Filmy v Klubu přátel polského kina

 

Muchoplácač

 

polsky: Muchotłuk

typ: dokumentární, krátkometrážní

rozsah: 12 minut

produkce: Polsko, 1966

režie: Marek Piwowski

scénář: Marek Piwowski

kamera: Andrzej Barszczyński

pedagogické vedení: Andrzej Wajda, Kurt Weber

 

Naše definice: Krótki film przedstawiający kwintesecję "knajpianej" atmosfery Polski lat 60-tych.

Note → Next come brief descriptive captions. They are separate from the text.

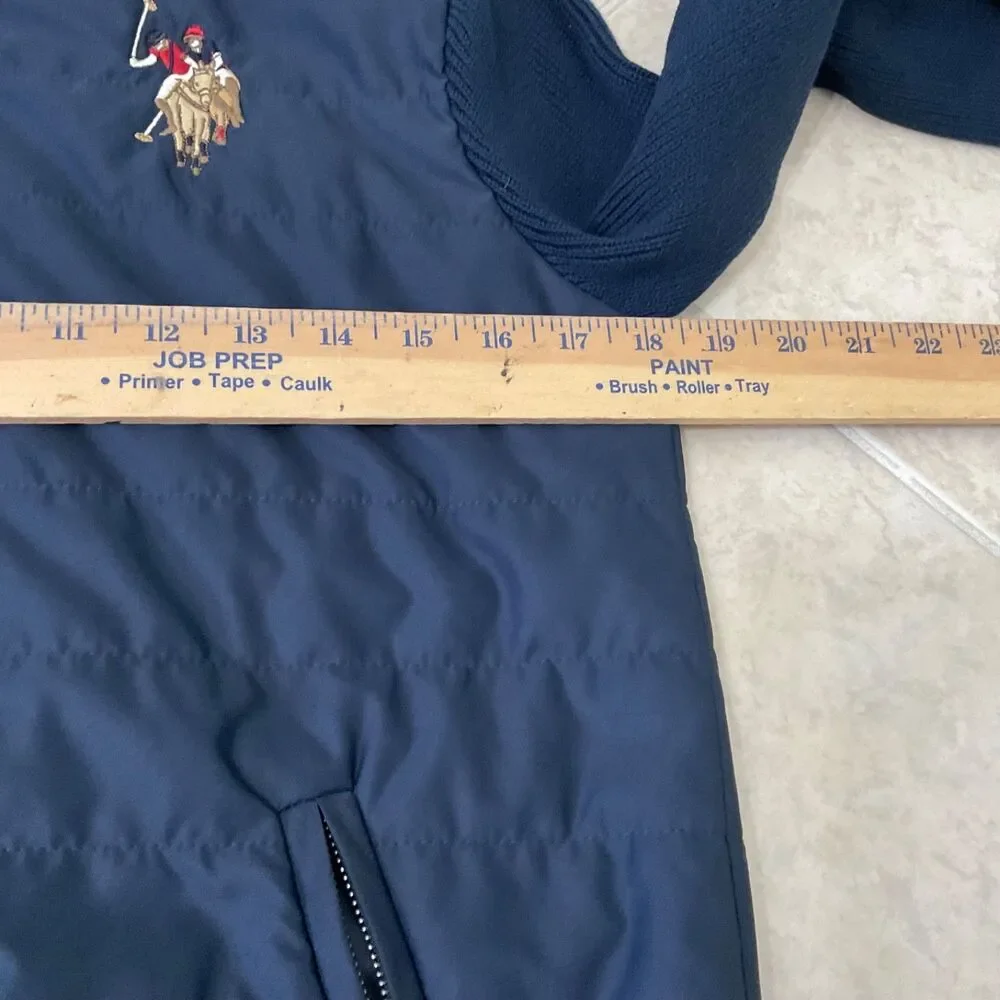 US POLO Assn. Zip up logo hooded Quilted Jacket Size Youth 11/12 blue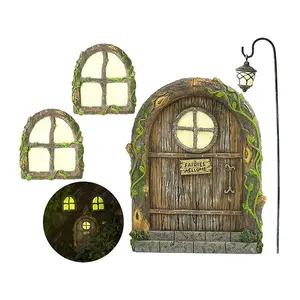 Beautiful retro resin with window luminous forest small wooden door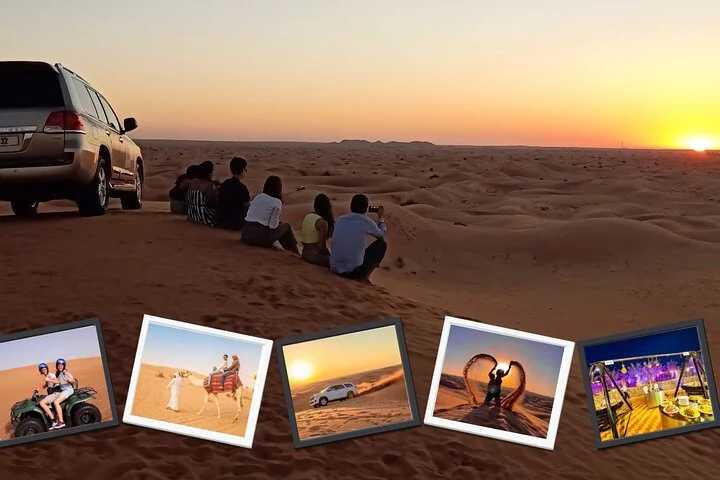 Premium Evening Desert Safari with Quad Bike, Camel Ride and BBQ Dinner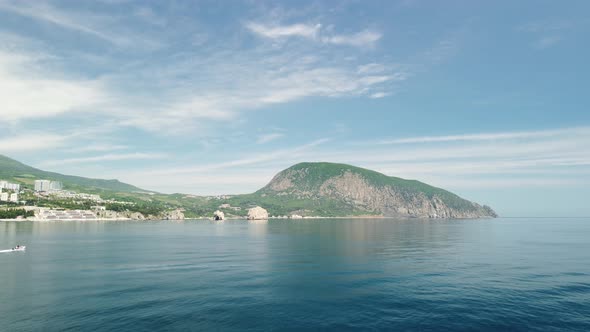 Gurzuf Resort City Panoramic View on Bear Mountain AyuDag Yalta Crimea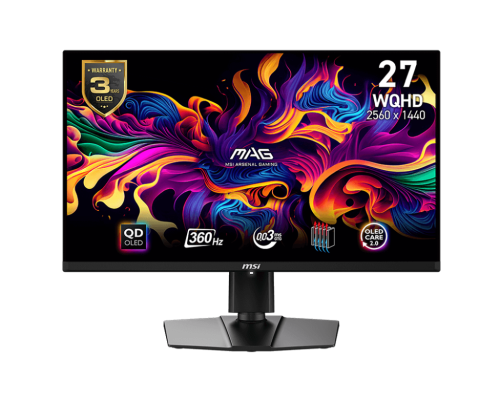 MSI MAG 271QPX Gaming Monitor, 26.5 WQHD QD-OLED Display, 360Hz Refresh Rate, 0.03ms (GtG) Response Time, AdaptiveSync Technology, 1.07B Display Colors, Black  9S6-3CD89T-008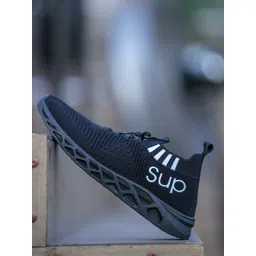 24ERA Men Textured Round Toe Lace Ups Running Shoes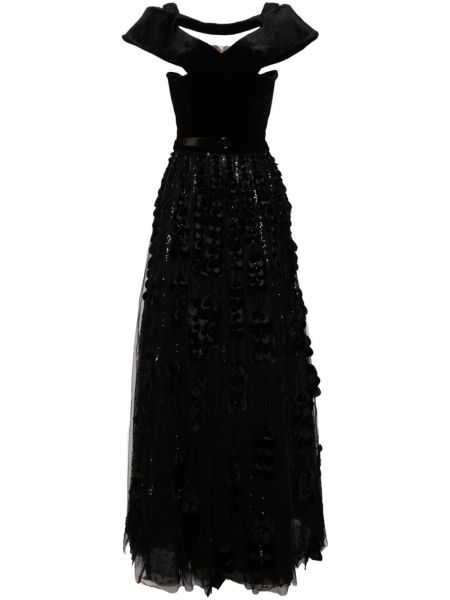 Aksamitna prosta sukienka z koralikami Saiid Kobeisy czarna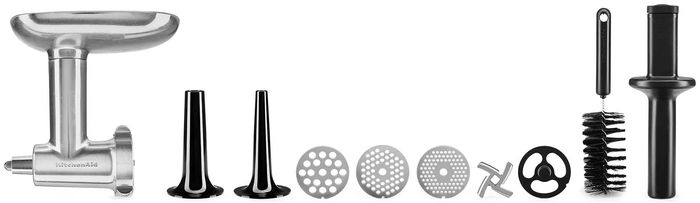 Kitchenaid 5KSMMGA Picadora Metálica de Carne para Alimentos con Discos de Picado Grueso, Mediano y Fino, y Accesorios para Embutir Salchichas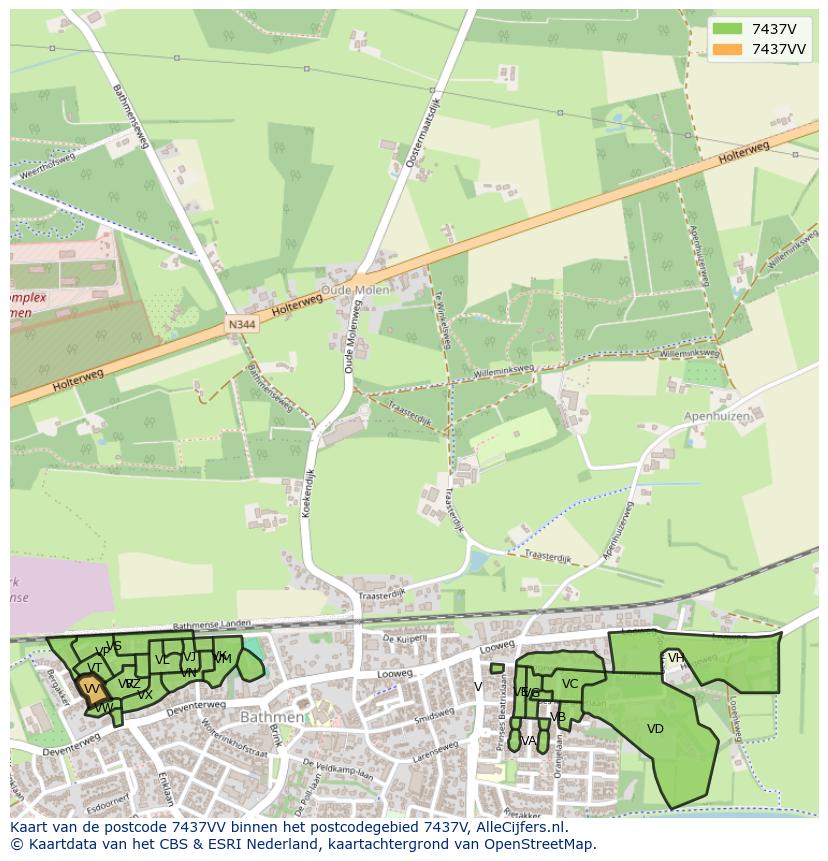 Afbeelding van het postcodegebied 7437 VV op de kaart.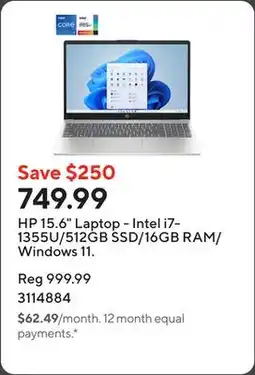 Staples HP 15.6 Laptop - Intel i7-1355U/512GB SSD/16GB RAM/Windows 11 offer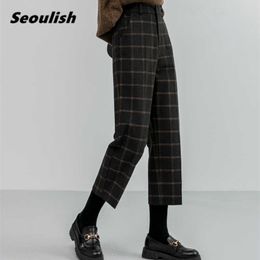 Seoulish Autumn Winter Woolen Plaid Women Formal Straight Pants High Waist Ankle-Length Chic Loose Ladies Pants Pocket 211006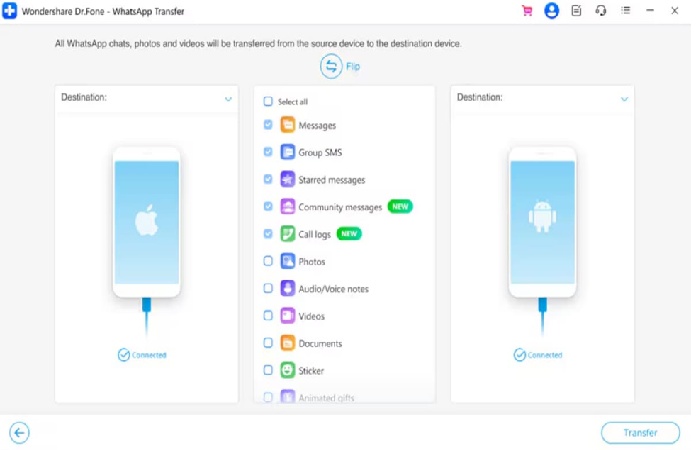 choose transfer whatsapp messages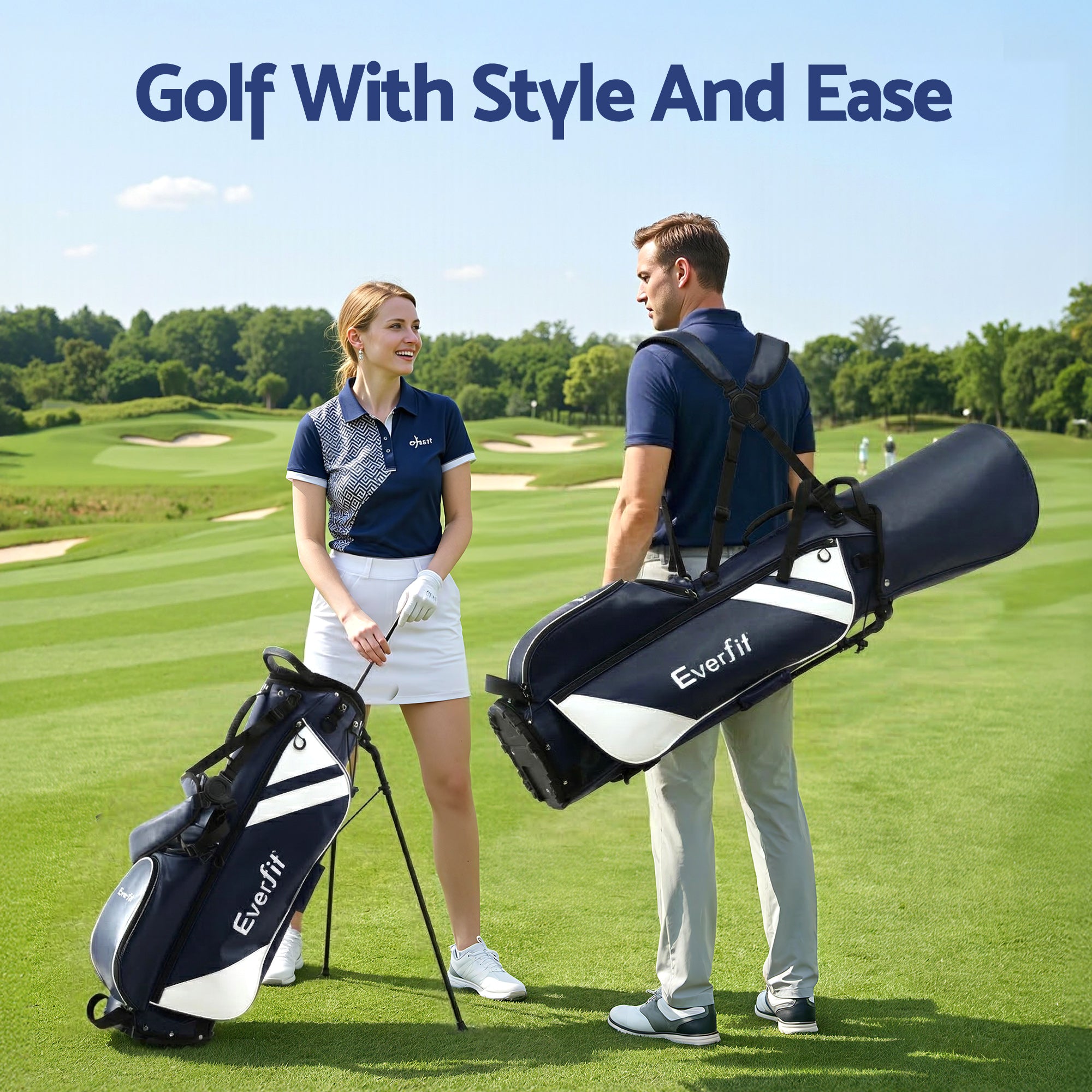 Everfit Golf Stand Bag Lightweight Carry Bag Dual Strap Club Divider Blue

________________________________________________________________________________________

 

Komentáře členů klubu:

 

Paola     ***

 

Film "Muchotłuk" nie wywarł na mnie tak pozytywnego wrażenia jak inne filmy reżysera, które dotąd widziałam. Nie jest to z pewnością profesjonalny film dokumentalny, ale może właśnie o to Piwowskiemu chodziło, by ukazać sytuację podrzędnego miejskiego baru i oddać tamtejszą atmosferę. Film ukazuje naprzemiennie sytuację przy kilku stolikach. Kamera kieruje się głównie na starszych panów jedzących kolację. Ukazany zostaje tu realizm spożywania posiłku przez osoby starsze. O to właśnie reżyserowi chodzi, by pokazać naturalność, niedbałość i niewymuszoność zachowań.

 

Ania     ***

 

Krótki film przedstawiający kwintesecję "knajpianej" atmosfery Polski lat 60-tych. Zwykłe rozmowy, sytuacje. I wszystko byłoby w porządku gdyby nie... słaba jakość - mam na myśli dźwięk. Praktycznie niewiele zrozumiałam z tych rozmów, ponieważ ludzie mówili niewyraźnie! Trochę szkoda, ale rozumiem jeśli to miało na celu oddanie klimatu tego baru. Na dobrą sprawę trochę smutny obraz polskiej rzeczywistości.

 

Nicol 6     *****

 

Film w nagromadzeniu ciągle urywanych, szybko zmieniających się scen wyprowadza widza w świat możliwości tkwiących w małej knajpie lat 60-tych i jej gościach. Świat który opiera się na ciągłym powtarzaniu tych samych gestów ciekawi dzięki "egzotyce" miejsca, ale też dzięki montażowi. Sceny, które na siebie nachodzą w różnym układzie i kolejności nie tyle opowiadają pojedyńcze historie, ile tworzą wzajemnie się kontekstującą mozaikę. Aktorzy - naturszczycy zdają się robić to samo w filmie co i w życiu, więc widz ma uczucie podglądania ich w nudnej codzienności naszpikowanej przez reżysera komicznymi szczegółami, aż do "grande finale" przy dźwiękach Mazurka Dąbrowskiego.